■ What the task requires: Pictures aside, repeat the whole listing word for word.

■ Collected data:
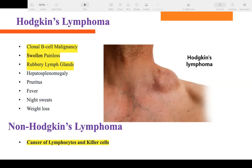Non-Hodgkin's lymphoma has a similar presentation — painless, rubbery swollen lymph nodes, pruritus, and fever — but it involves natural killer (NK) cells rather than B cells. Prognosis is similarly poor. Treatment involves referral to hematology and oncology.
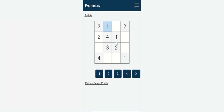Now moving to the second box. Here, numbers 1 and 2 are already available and two cells are empty, so we need to put 3 or 4. Can we put 3 here? No, because 3 is already in this row. So we put 4 here, which means the remaining empty cell will contain 3. The second box is complete.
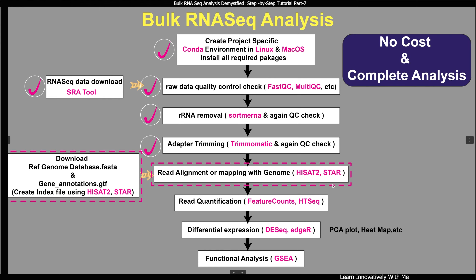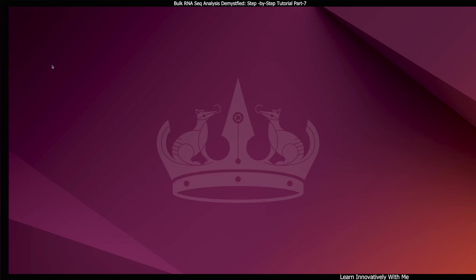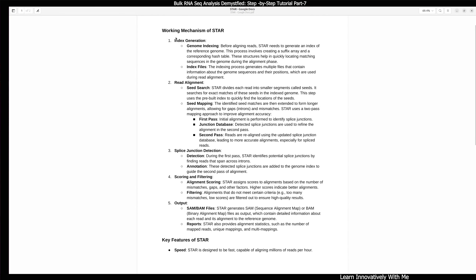STAR uses a unique algorithm making it an invaluable tool for this purpose. To ensure a smooth process we will create a separate conda environment for STAR indexing and alignment. Let's get started. Here I am showing you the working mechanism of STAR. The first step is index generation — we will create the index using the genome file and GTF file. I will show you how to download the genome and GTF file from the Ensembl website.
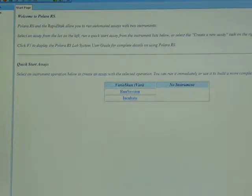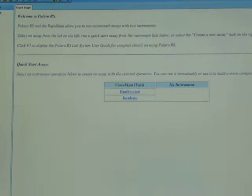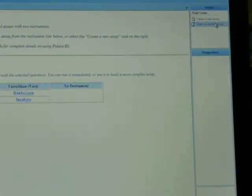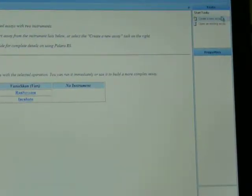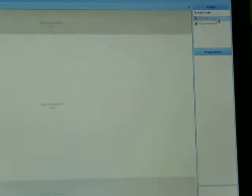To start a protocol, I'm going to pan over so you can see the top right corner, and I'm just going to click on create new assay.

■ Response to the exercise:
Non-Hodgkin's lymphoma has a similar presentation — painless, rubbery swollen lymph nodes, pruritus, and fever — but it involves natural killer (NK) cells rather than B cells. Prognosis is similarly poor. Treatment involves referral to hematology and oncology.
Now moving to the second box. Here, numbers 1 and 2 are already available and two cells are empty, so we need to put 3 or 4. Can we put 3 here? No, because 3 is already in this row. So we put 4 here, which means the remaining empty cell will contain 3. The second box is complete.
STAR uses a unique algorithm making it an invaluable tool for this purpose. To ensure a smooth process we will create a separate conda environment for STAR indexing and alignment. Let's get started. Here I am showing you the working mechanism of STAR. The first step is index generation — we will create the index using the genome file and GTF file. I will show you how to download the genome and GTF file from the Ensembl website.
To start a protocol, I'm going to pan over so you can see the top right corner, and I'm just going to click on create new assay.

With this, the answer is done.